BookmarkSubscribeRSS Feed
rhnam
Calcite | Level 5

I'm posting here for the first time so forgive me if I doing it incorrectly.

I'm a new sas user and am having trouble figuring out how to calculate a variable using a do loop.

The data I'm looking at is household vehicle trip activity. The variables include Trip ID, Trip start time, Trip end time, and Household ID.

What I'm trying to figure out is whether a trip's time overlaps with the other trip times of the same household. Here's an example of what I'm looking at.

Trip IDTrip Start TimeTrip End TimeHousehold ID
18:0017:00999
29:309:45999
310:0018:00999

My goal is to calculate the number of overlapping trips per household. In the final data-set each observation represents an unique household and the variable is the number of overlapping trips (in the case of the table above, 2)

Does anyone know how I can use a do loop to calculate whether  the end time in one trip (say trip 1) is greater than the start time in the other trips (trip 2 and trip 3)?

I've never used a do loop before so any help would be greatly appreciated.

I tried the syntax below but it didn't work the way I wanted it to. Plus it doesn't capture households  with more than 2 trips.

data travel_2

set travel

by houseid

overlap= .;

if (first.endtime>last.starttime) then overlap=1;

else overlap= 0;

run;

14 REPLIES 14
Haikuo
Onyx | Level 15

Question:

Is overlap a boolean variable or can be accumulated if more than one overlap within the group?

Haikuo

rhnam
Calcite | Level 5

Haikuo,

Yes "overlap" should be a boolean variable. (1/0).

Richard

Haikuo
Onyx | Level 15

Since you have not laid out what your final output look like, this is just based on my guessing, and it can be easily tweaked:

data have;

input TID$ ST :time8. ET :time8. HID$;

format ST :time8. ET :time8.;

cards;

1 8:00 17:00 999

2 9:30 9:45 999

3 10:00 18:00 999

1 2:00 10:00 100

2 11:00 11:30 100

3 12:00 13:00 100

4 12:30 17:30 100

;

data want(drop=tid st et rc rename=(_tid=Trip_ID _st=Trip_start_time _et=Trip_end_time));

  if _n_=1 then do;

  if 0 then set have;

dcl hash h(dataset:'have', multidata:'y');

h.definekey('hid');

h.definedata(all:'y');

h.definedone();

  end;

  overlap=0;

  set have (rename=(tid=_tid st=_st et=_et));

  do rc=h.find() by 0 while (rc=0);

  if _tid ne tid and (_st<=st<=_et or _st<=et<=_et or (st>=_st and et<=_et) or (_st>=st and _et<=et)) then overlap+1;

if overlap>0 then leave;

rc=h.find_next();

end;

run;

proc print;run;

Haikuo

Reeza
Super User

Here's an attempt, not sure it'll catch all the scenario's and not sure what you're looking for overall...

*Input your sample data;

data have;

    input tripid start_time time5. end_time time5.;

    format start_time end_time time5.;

    household_id=999;

    cards;

1 8:00 17:00

2 9:30 9:45

3 10:00 18:00

;

run;

*Find all overlapping trips

proc sql;

    create table want as

    select a.*, b.start_time as overlap_start, b.end_time as overlap_end, b.tripid as overlap_id

    from have a

    left join have b

    on (b.start_time between a.start_time and a.end_time)
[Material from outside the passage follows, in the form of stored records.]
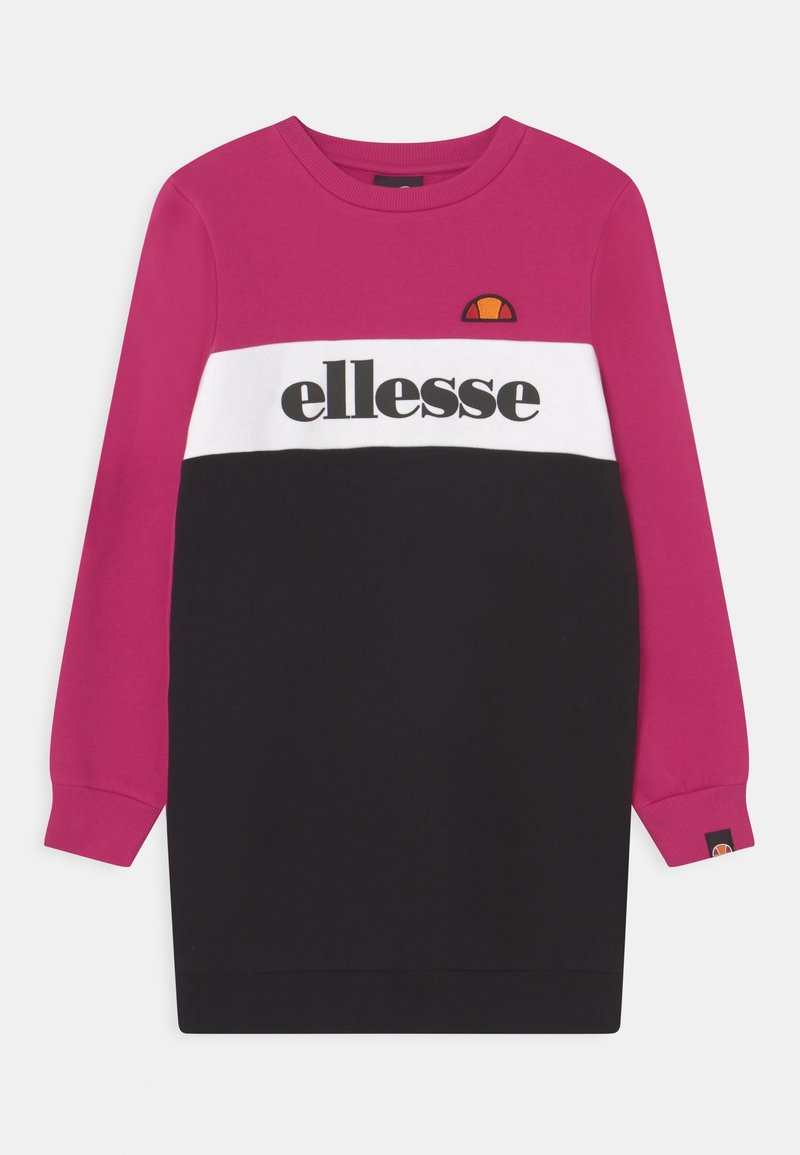 Robe colorblock avec une partie supérieure rose, une bande blanche au centre avec le logo "ellesse", et une base noire unie. Manches longues avec poignets côtelés.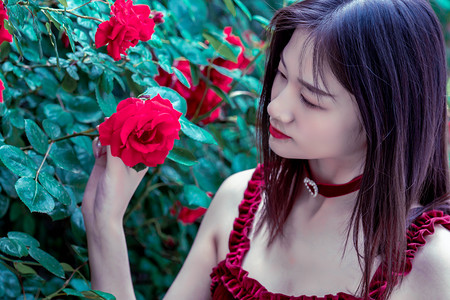 印尼央行下调基准利率至5.25%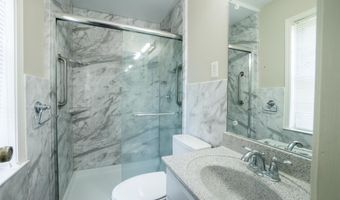 5723 BARTLETT WOODS Dr, Bartlett, TN 38134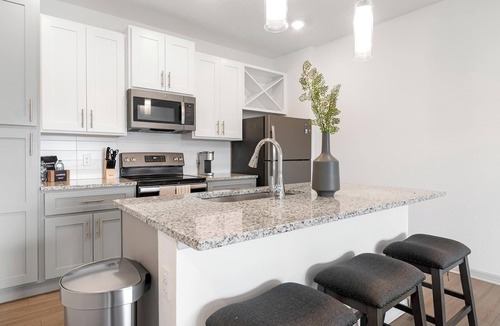 Lake Wales Apartment | Landing | Stylish 1BD, Game Room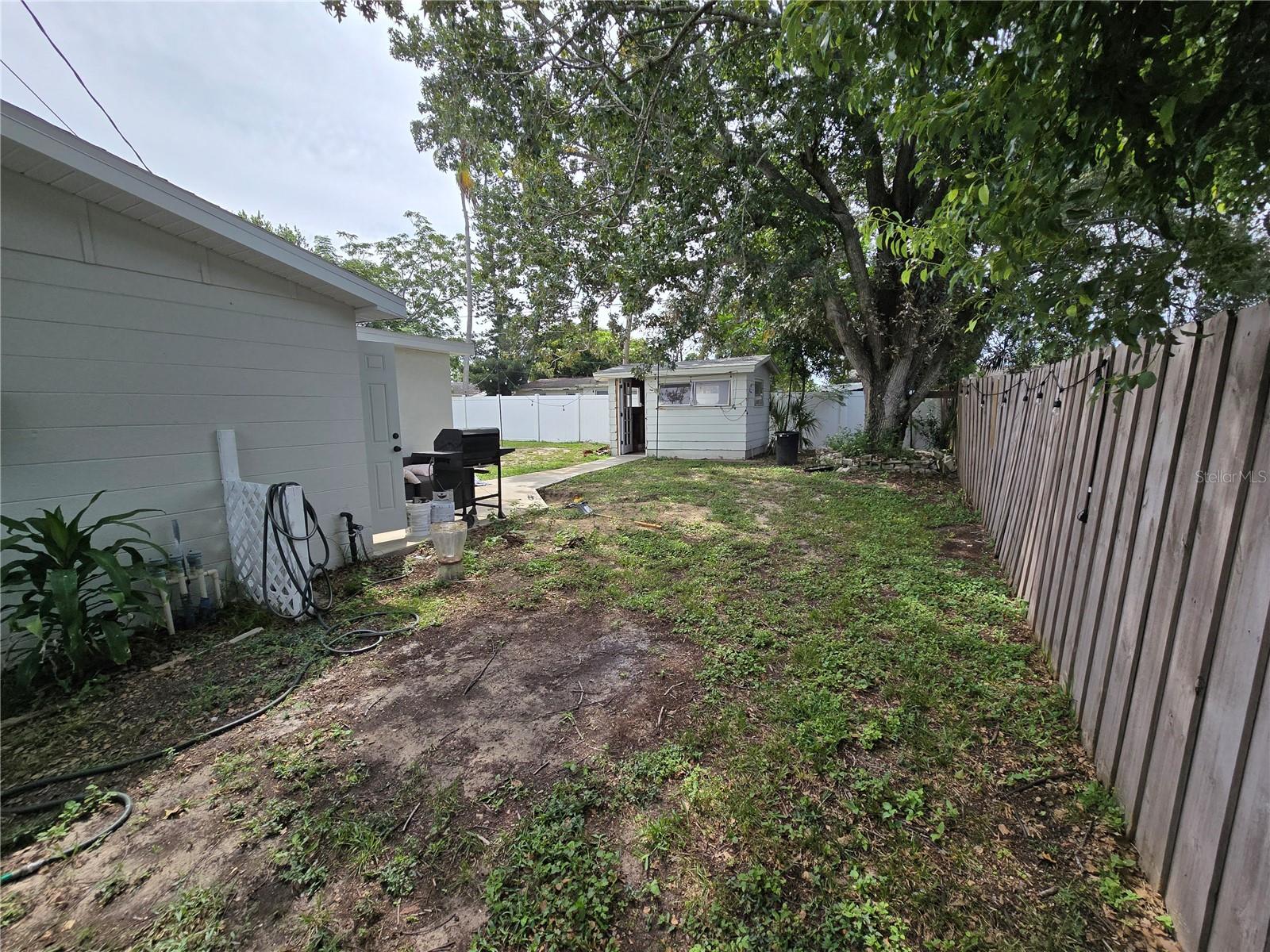 ORANGEWOOD VILLAGE - Residential Lease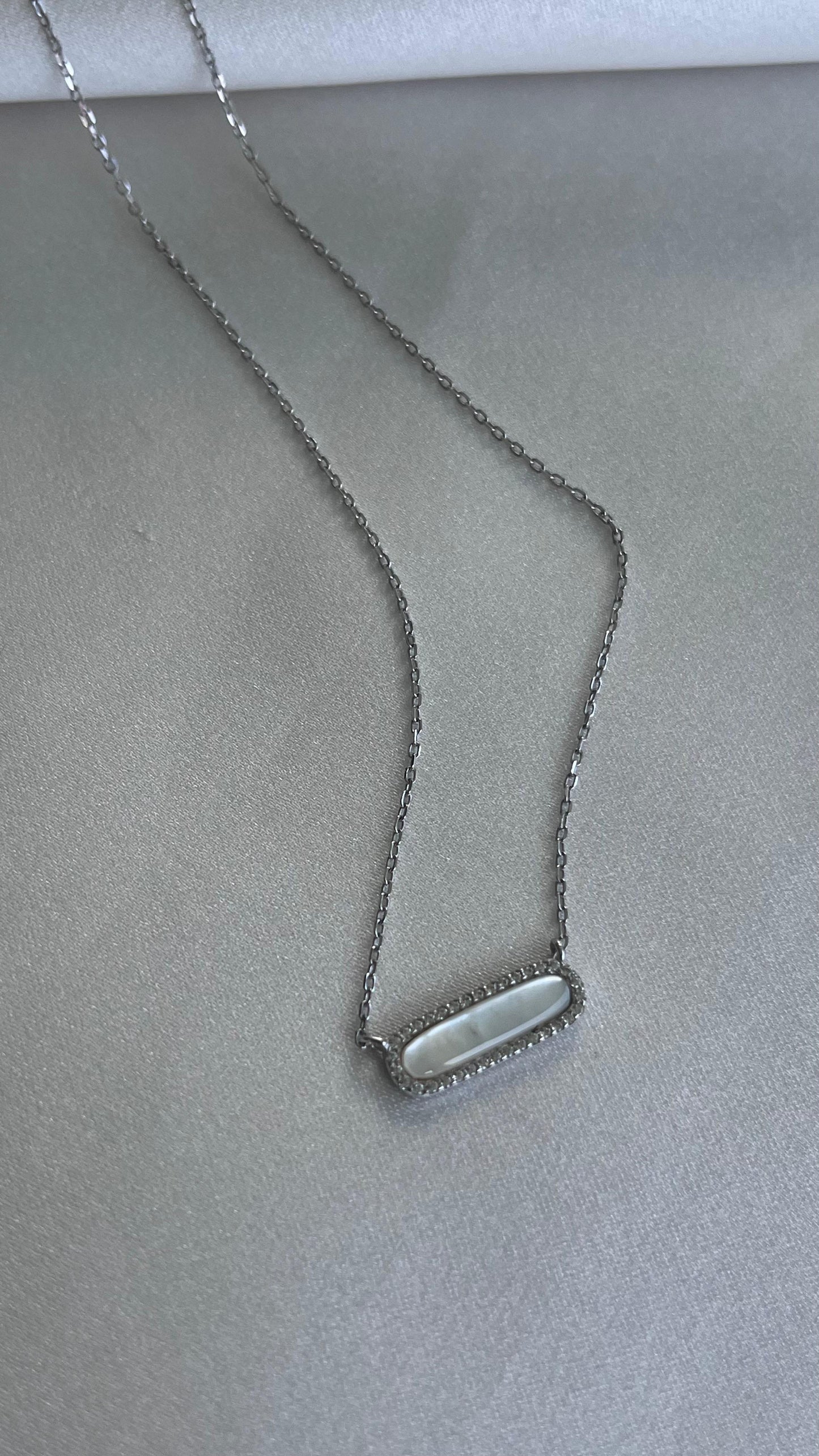 COLLAR ÓVALO MADRE PERLA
    and a.tripid ne b.tripid and a.household_id=b.household_id;

quit;

*Count the number of overlaps per trip/household;

proc sql;

    create table overlaps as

    select household_id, tripid, count(overlap_id) as overlaps

    from want

    group by household_id, tripid;

    *where overlap_start ne .;

quit;

Haikuo
Onyx | Level 15

Reeza,

on (b.start_time between a.start_time and a.end_time or  b.end_time between a.start_time and a.end_time ) seems to catch more.

Regards,

Haikuo

Reeza
Super User

You'll get duplicates then (ie Trip 1 overlaps with trip 3 and Trip 3 overlaps with Trip 1).

Haikuo
Onyx | Level 15

Yes, Reeza. I just realized that our differences were the results from  different understanding towards OP's intention. if treating 'household_id' as the unit to count, your solution worked perfectly; while if treating each individual trip_id as unit to count, then my concern would make sense.

Haikuo

Ksharp
Super User
data have;
input TID$ ST :time8. ET :time8. HID$;
format ST :time8. ET :time8.;
cards;
1 8:00 17:00 999
2 9:30 9:45 999
3 10:00 18:00 999
1 2:00 10:00 100
2 11:00 11:30 100
3 12:00 13:00 100
4 12:30 17:30 100
;
run;
proc sql;
create table temp as
 select a.hid,a.tid,b.tid as _tid
  from have as a,have as b
   where a.hid=b.hid and a.tid ne b.tid and 
    (b.st between a.st and a.et or b.et between a.st and a.et )
   order by hid;
quit;
data want(keep=hid count string);
 set temp;
 by hid;
 length string $ 800 ;
 retain string ;
 if not findw(string,strip(tid)) then string=catx(' ',string,tid);
 if not findw(string,strip(_tid)) then string=catx(' ',string,_tid);
 if last.hid then do;
                    count=countw(string);
                    output;
                    call missing(string);
                  end;
run;

Ksharp

rkdubey84
Obsidian | Level 7

Hi...I need a way to calculate Overlap minutes with respect to US Trading Hours 9:30am to 4:00pm.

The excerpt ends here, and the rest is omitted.